Feral hogs are the subject of our story today.
Feral vs. Domestic
History of Feral Pigs in America
Domestic pigs were first brought to the Americas in the 1500s by Spanish explorers, who used them for a food source and for their lard. Pigs in those days were managed much differently than the pigs of today we see housed in hog barns. Oftentimes they were allowed to free-range and escapes were much more common. In the early 1900s, another species of pig, the Eurasian wild boar (Sus Scrofa) was introduced for sport hunting purposes and escapes from hunting reserves also occurred. Today, many feral populations are a hybridization of domestic and Eurasian wild boars according to the Mississippi State University Extension Service Department of Wildlife and Fisheries. MSU also describes feral hogs as highly adaptable animals, able to live almost anywhere, eat almost anything (including small mammals, newborns of large mammals, birds, and reptiles), reproduce rapidly, and having few natural predators when they reach over 40 pounds in size (adult feral hogs weigh between 100 and 400 pounds). Feral hog populations have been documented in at least 45 states with roughly 8 million hogs nationwide.
The Big Stink: Why Feral Hogs are a Problem
Rick Taylor says that in Texas alone there exists a feral hog population numbering into the millions, the largest population of any state. So why is the Texas population so enormous? "The increase in population and distribution is due in part to intentional releases, improved habitat, increased wildlife management, and improved animal husbandry such as disease eradication, limited natural predators, and high reproductive potential. There seem to be very few inhibiting factors to curtail this population growth and distribution although extreme arid conditions may impede it," says Taylor.
Stop in the Name of Law
An article in the American-Statesman was recently published about how District Judge Jan Soifer suspended the Texas Department of Agriculture's decision to legalize the use of warfarin-laced bait by licensed pesticide applicators on feral hogs. Judge Soifer's emergency suspension of the already federally approved bait was prompted by a concerned wild boar meat processor, hunters, and an environmental group. The bait could potentially have a negative impact on Texas wildlife via accidental ingestion, the environment via a distribution of poisonous chemicals, and the Texas meat industry which uses wild boar meat for both human and pet food. The owner of the company Wild Boar Meats says,"The problem is we haven’t discovered any way through freezing or heating to kill the warfarin in the meat of the animal... This could potentially kill the industry. My customers want to make sure there’s no rat poison in the meat that we’re turning into pet food.”

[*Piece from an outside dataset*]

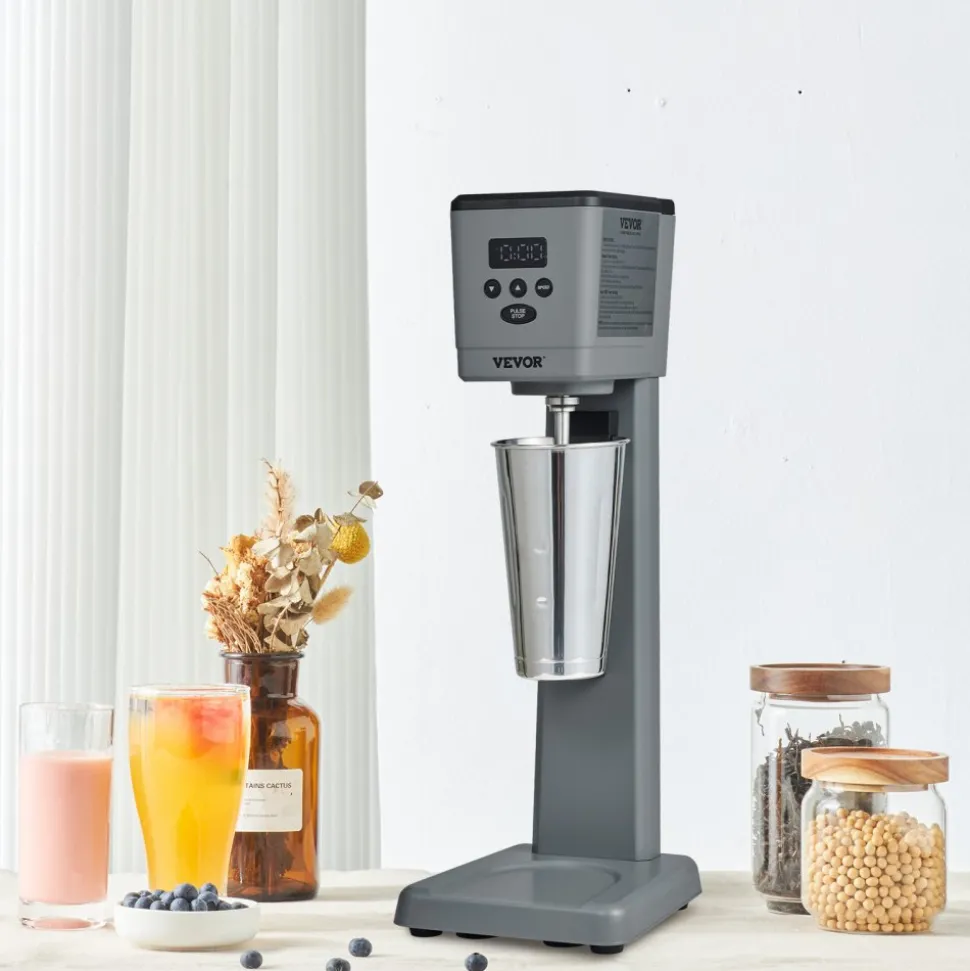 VEVOR Milkshake Maker, 375W Electric Milkshake Machine, Single Head Drink Mixer Blender Machine, LED Intelligent Microswitch, 3-Speed Milkshake Mixer with 820 ml Stainless Steel Cup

A woman who was prescribed warfarin and suffered a sublingual hematoma (bleeding and swelling under the tongue)
How Warfarin Works
When used as a poison, warfarin thins the blood too much and causes internal bleeding. The effects of warfarin were first observed in 1950 when a farmer fed his cattle moldy sweet clover and the cows began bleeding to death. The National Pesticide Information Center sites that warfarin was the first chemical compound to be widely used as a rodenticide, but it requires several doses to work and many rodent species became resistant to it. When used in humans, patients have to be closely monitored for changes and doctors often seek alternatives to the product because it can be difficult to manage doses.
If warfarin gets approval, we'd be in for some Event Horizon-type sh*t.
So since everyone- hunters, wildlife managers, meat producers, and environmentalists alike- are pretty much in agreement that feral hog management is an important issue in Texas, its only a matter of time before another less creepy management technique comes along and saves the day.